For Julia, the awareness of her unsecured future ripened with the news of the war’s end and Paul’s birthday poem to her. She loved Paul, but there seemed so many obstacles. He was unsure, though his poem spoke of the “scattered seed” of their “Sweet friendship” growing “to final ripened grain.” He was ten years older, introvert to her extrovert, experienced to her inexperience. She had a strong father; he had none. She had the privilege of an Ivy League education; he had none. Though he attended Boston Latin and took some extension courses at Columbia University, he was self-taught and had supported himself since youth. Everyone from this period of his life remembers him as highly intelligent and, in Jack Moore’s words, “interesting, complex and very articulate (an untutored American might have thought he was a Brit).” His grasp of poetry, music, painting, languages, and the sciences put her education to shame. She had no intellectual rigor, was highly emotional, and given to spontaneous merriment.

She certainly did not match his ideal of women, especially in contrast to his Edith, who was petite, dark, chic, sophisticated. Nor did he conform to her image of Western manliness: Paul was a cosmopolitan man who loved the company of women, for, as he told his brother, “the friendly association of beautiful women is a panacea for almost anything.” Yet his hard body revealed the years of physical labor aboard oil tankers and at a munitions factory in Lowell. When he looked at one of his hands, he wrote in 1943, he saw his experience:

Thousands of hours of engraving which now make a burin fit with such comfort, the manila ropes that have raised blisters there hoisting sail on the Nova Scotia schooners, the judo jackets that have broken its fingers, the sheets of stained glass that almost severed its thumb, the ax handles that have glazed it, the breasts it has caressed, the paint brush handles that have numbed its fingers, the wine glasses it has lifted in delight, the photographic solutions it has stirred, the violin bows it has guided through the intricacies of Bach, the dogs it has scratched behind the ears, or its knowledge of Venice water, egg-beaters, ski-wax and hand clasps.

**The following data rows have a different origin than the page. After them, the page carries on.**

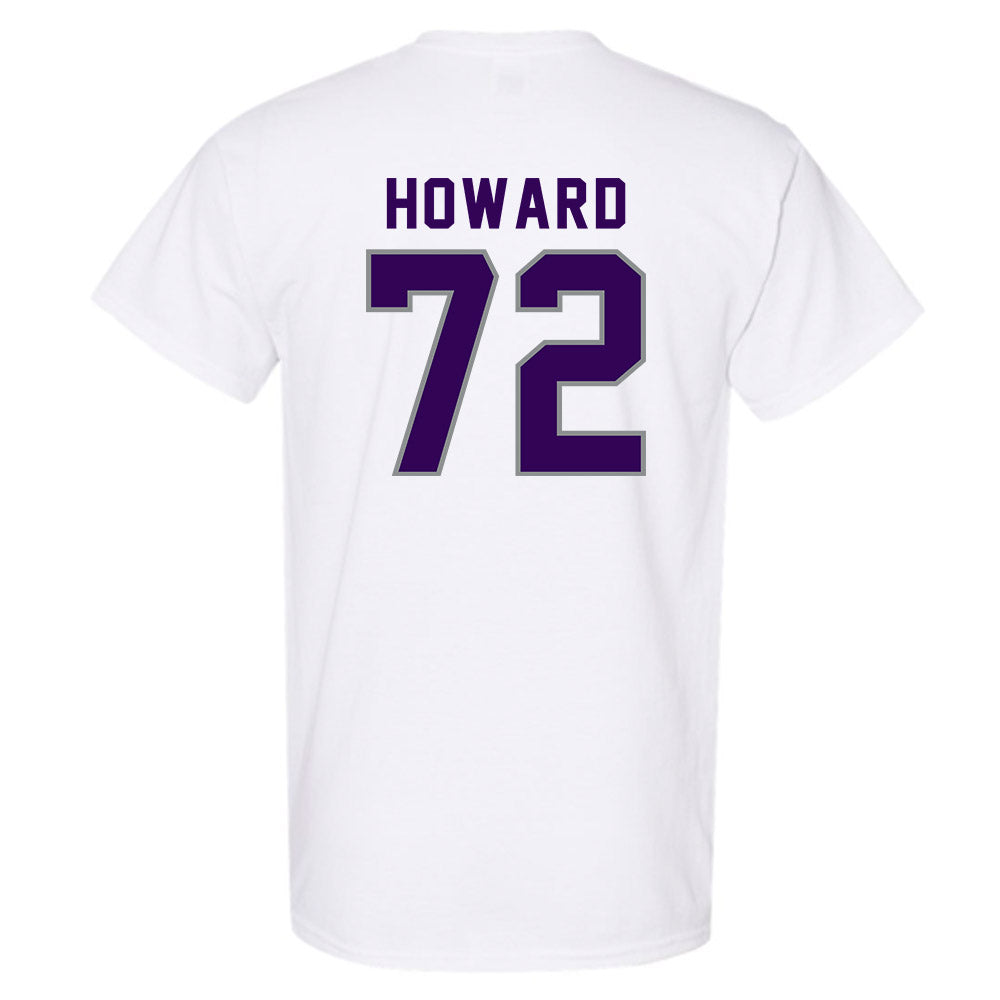 Kansas State - NCAA Football : Ryan Howard - Wildcat hand sign T-Shirt-1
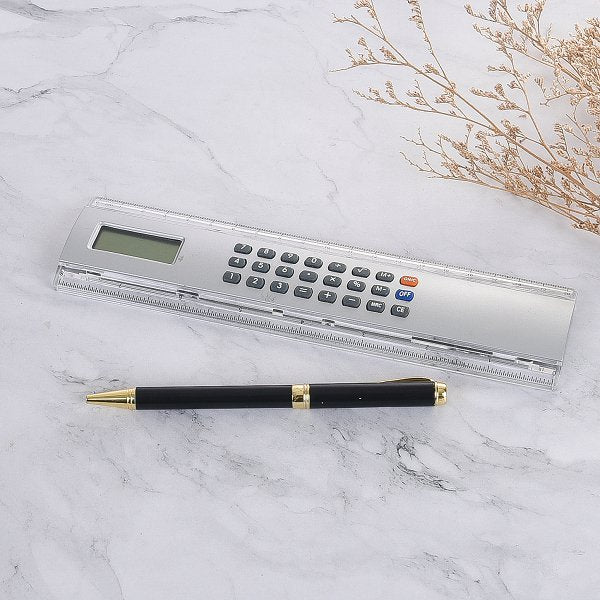 20cm塑膠二合一多功能直尺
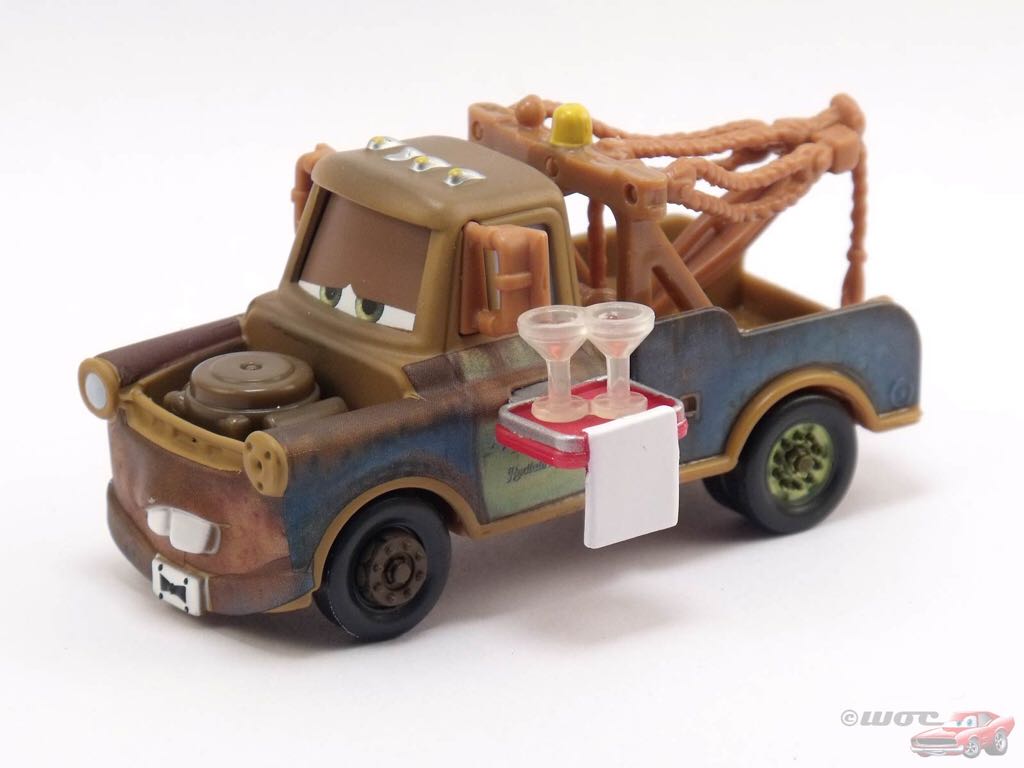 Waiter Mater - (2014 - World of Cars) MEL DORADO SHOW (9) toy car collectible - Main Image 2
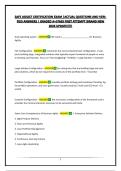 SAFE AGILIST CERTIFICATION EXAM BUNDLE 2026 &vert;ACTUAL QUESTIONS AND VERIFIED ANSWERS &vert; GRADED A&plus;&vert;PASS FIRST ATTEMPT&vert;BRAND NEW 2026 UPDATE&excl;&excl;&excl;&excl;&excl;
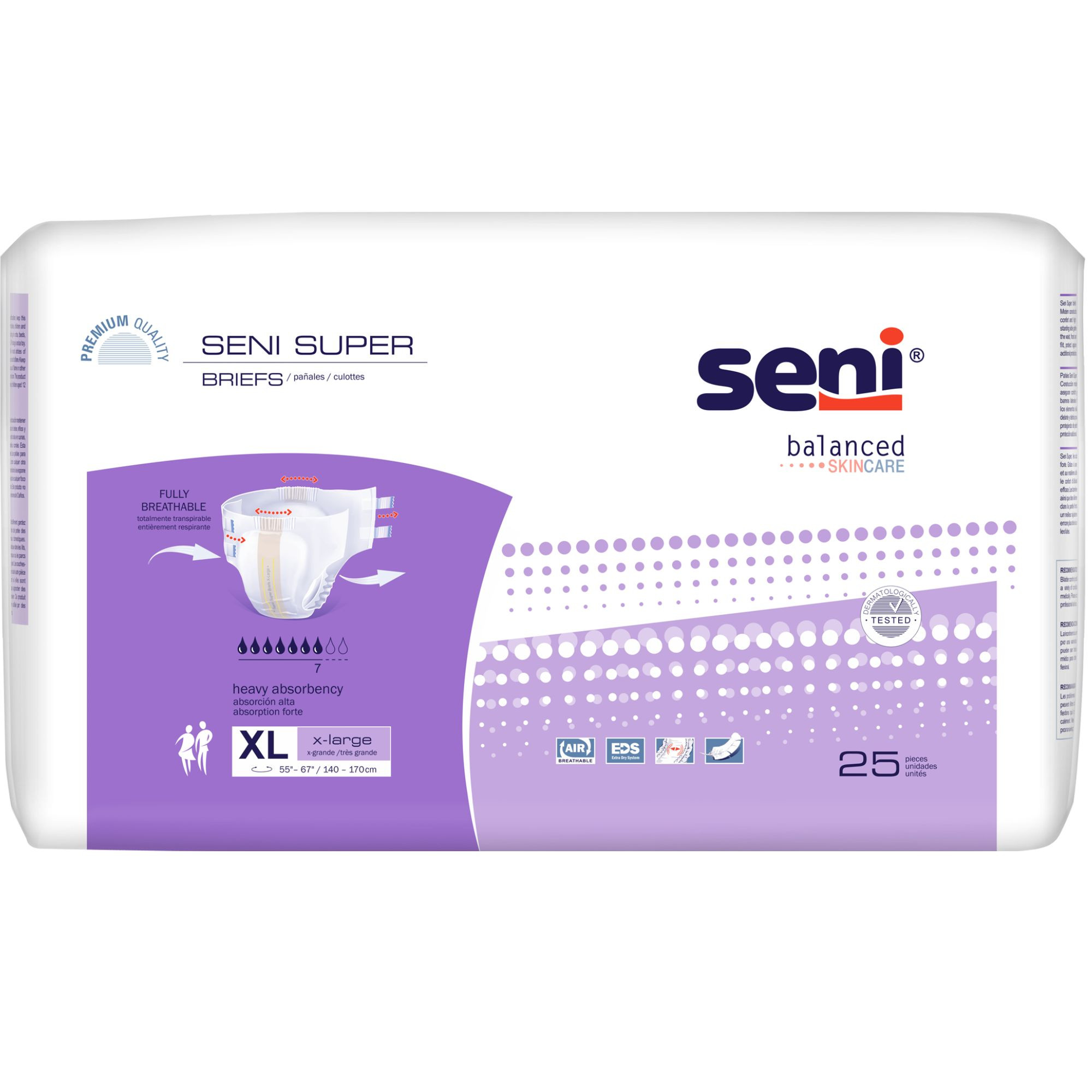 Seni Super Adult Diapers with Tabs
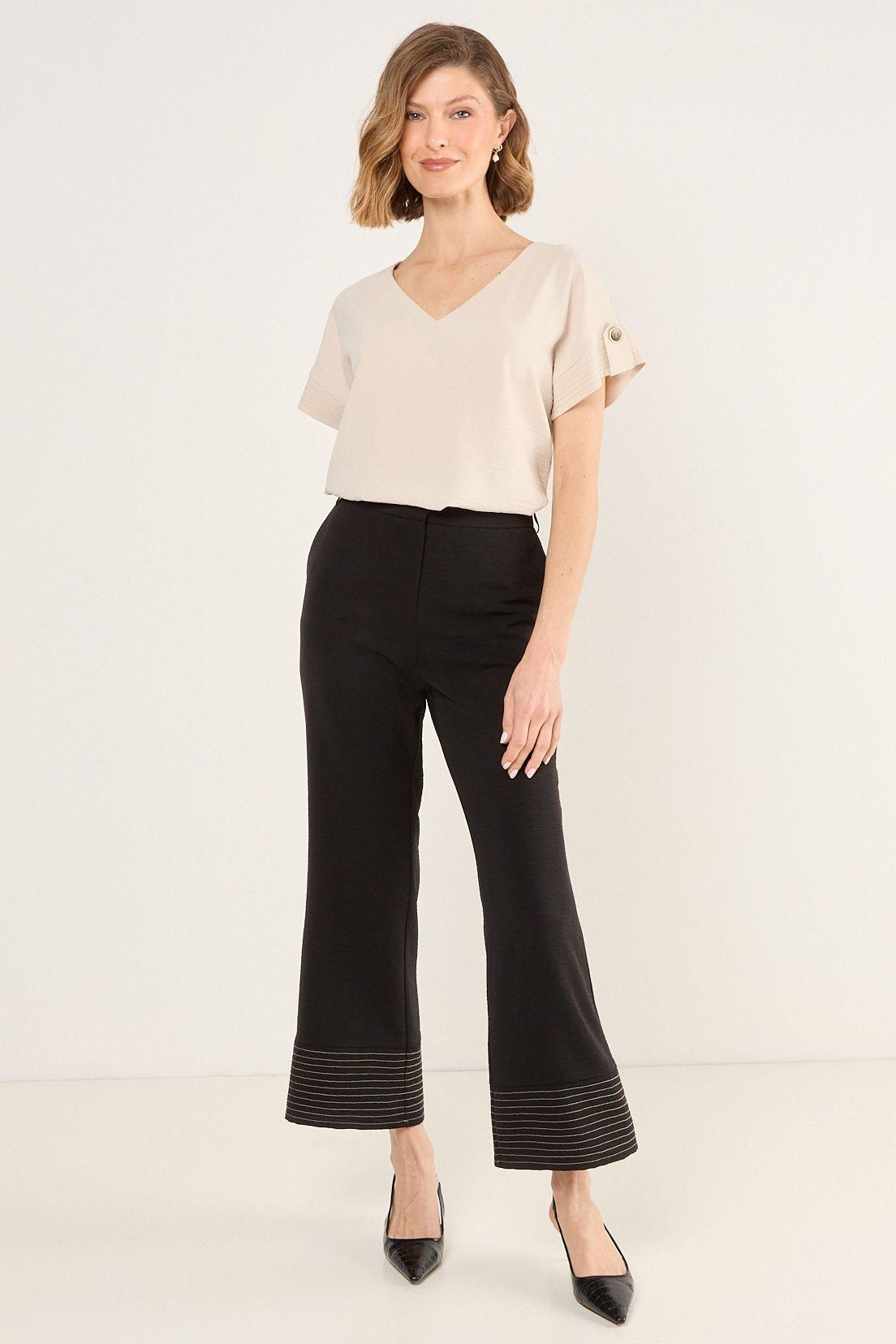 Pantalon Negro Ma Griffe 11002225061102-0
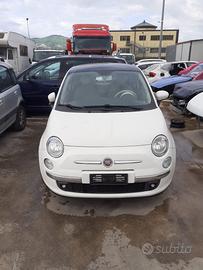 Fiat 500 2010 per ricambi. Vari colori.
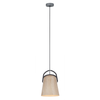 LEGNA: Retro Replica Wood Ellipse Shape Pendant Lights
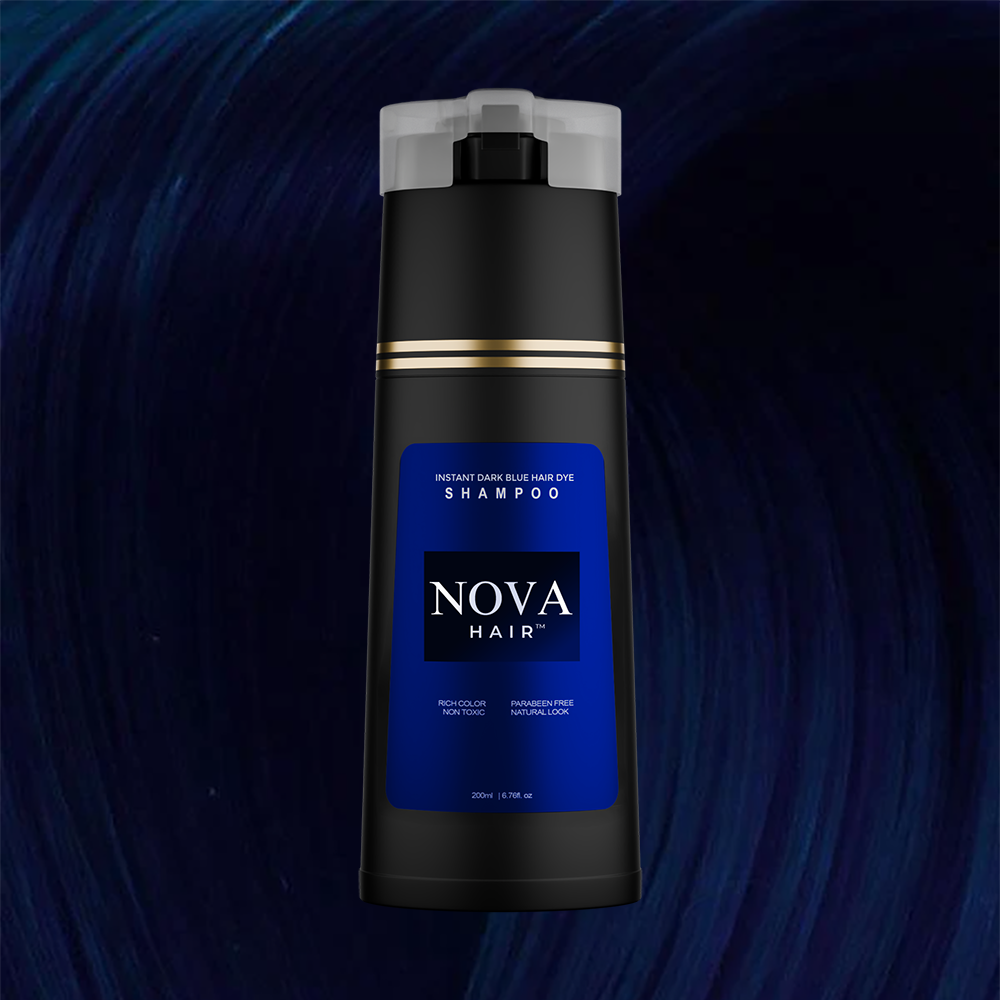 NovaHairâ„¢ Instant Dye Shampoo (Buy 1 Get 1 Free)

The touch of this hand taught Julia how dough feels when it is plunged into boiling oil. She was in love. But the contrasts were so great that Paul did not foresee his love for Julia, except as one of many girls with whom to romance. Years later he would castigate himself in the margins of his diary at every casual mention of “Julie.” (“What stupidity that Julia was
right there
, and I never realized it was
she!!
It was Julia, of course! I never guessed it!”)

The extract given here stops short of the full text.